The team shall be in charge of all aspects of organizational transformation such as workers management, company resources and legal issues, among others. The team can employ Appreciative Inquiry in managing the process to ensure collective realization of a positive future. Furthermore, the team would have documented business-wide knowledge and skills to exchange information among merging banks.

Lastly, there was a need to incorporate performance management and reward systems into the cultural transformation program. It is obvious that employees in institutions joined together in a merger would abhor a situation whereby their colleagues in similar positions, but from other organizations receive higher pay or rewards than them.

Disparities in how the parent and target institutions appraise and reward worker performance are significant and, when ignored, can cause problems such as low turnover, poor performance, lack of motivation and a reduction in overall employee output.

Hence, the cultural transformation program should have incorporated ways of synchronizing performance measures and systems of rewards, while illuminating chief differences where needed. The applications should also have aimed at enabling employees realize that their particular reward systems are fair, even though they may not have been identical across the institution.

This would have minimized the possibilities of turnovers from employees, such as in the department of sales. Institutions should pay employees in the sales department well to retain them since they form the link between customers and the institution. As such, losing key salespersons may destroy customer relationships and thus, destroying the value of the institution.

Conclusion

In conclusion, senior management teams responsible for creation of the merger displayed their commitment through creating and participating in the cultural transformation program.
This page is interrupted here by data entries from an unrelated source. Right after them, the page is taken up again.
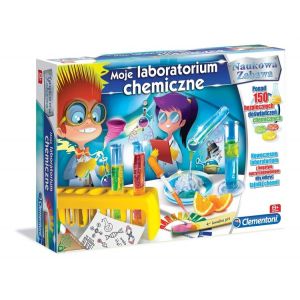 Moje Laboratorium Chemiczne 60250 Clementoni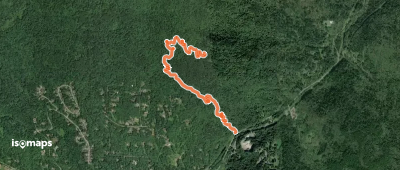 Whittaker Wilderness Peak Trail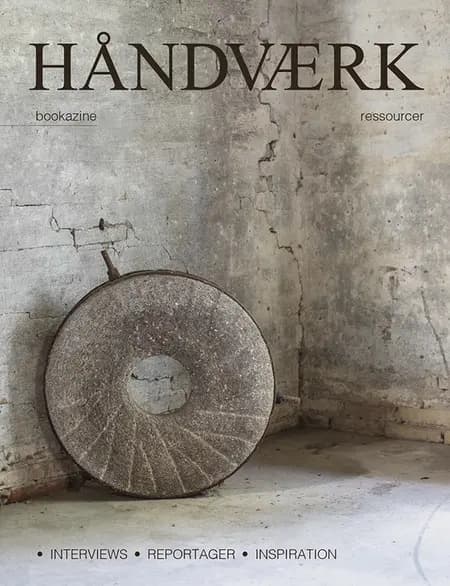 HÅNDVÆRK bookazine - ressourcer (dansk udgave) af Rigetta Klint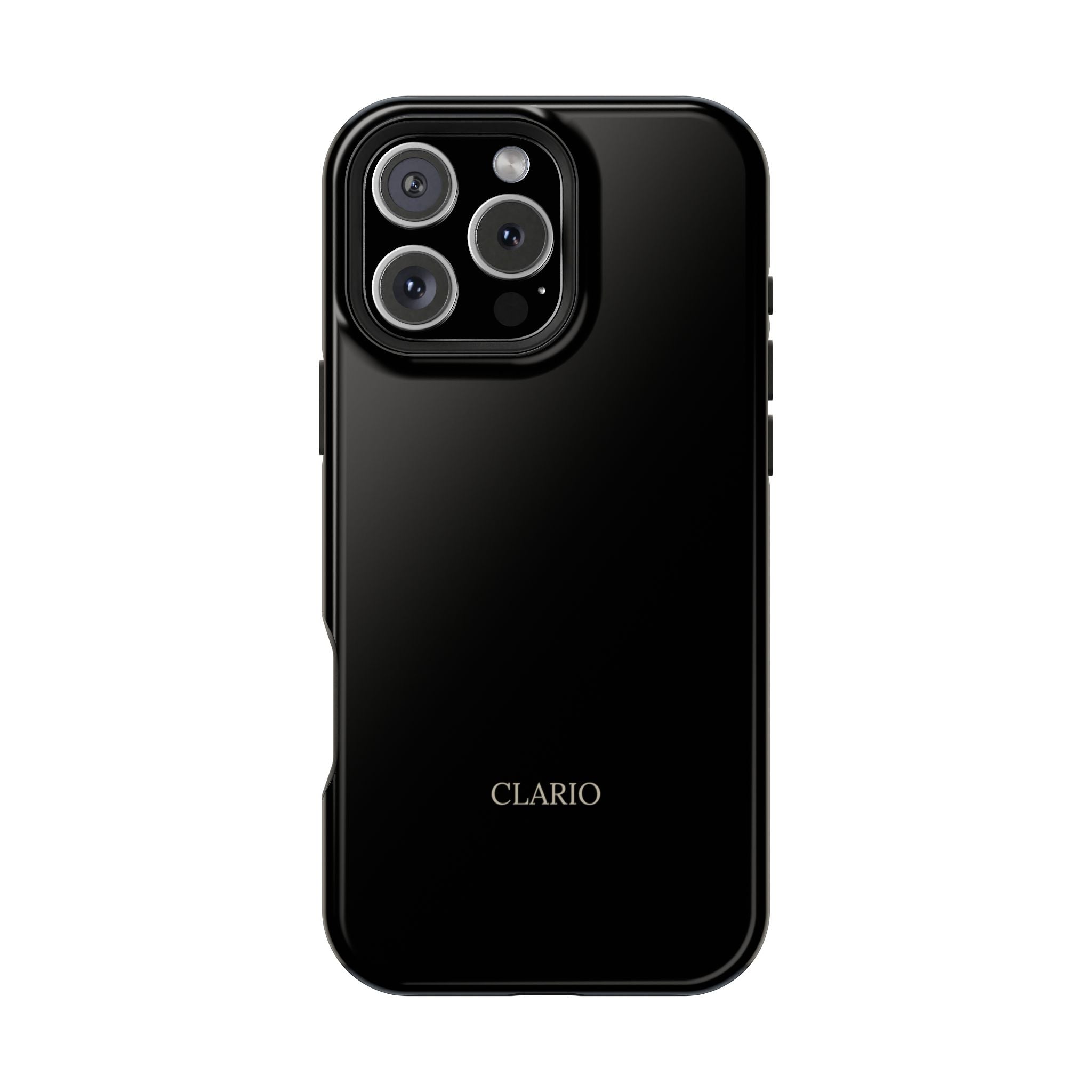 The Classic Clario Phone Case | Black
However, the program had several gaps, as mentioned above. I suggest that there was the need to discover cultural features of integrating banks to increase comprehension of previous worker environments.

Discovery of these features would have been possible through creating a cultural compatibility profile that highlighted cultural similarities and differences among the three organizations in reference to communication, leadership, governance, reward systems and business activities.

Senior leadership at the old Bancolombia would have then worked with their colleagues from Covani and Confinsura to create cultural transformation strategies that would help all the three institutions to resolve their key differences efficiently, thus decreasing employee turnover and other business risks.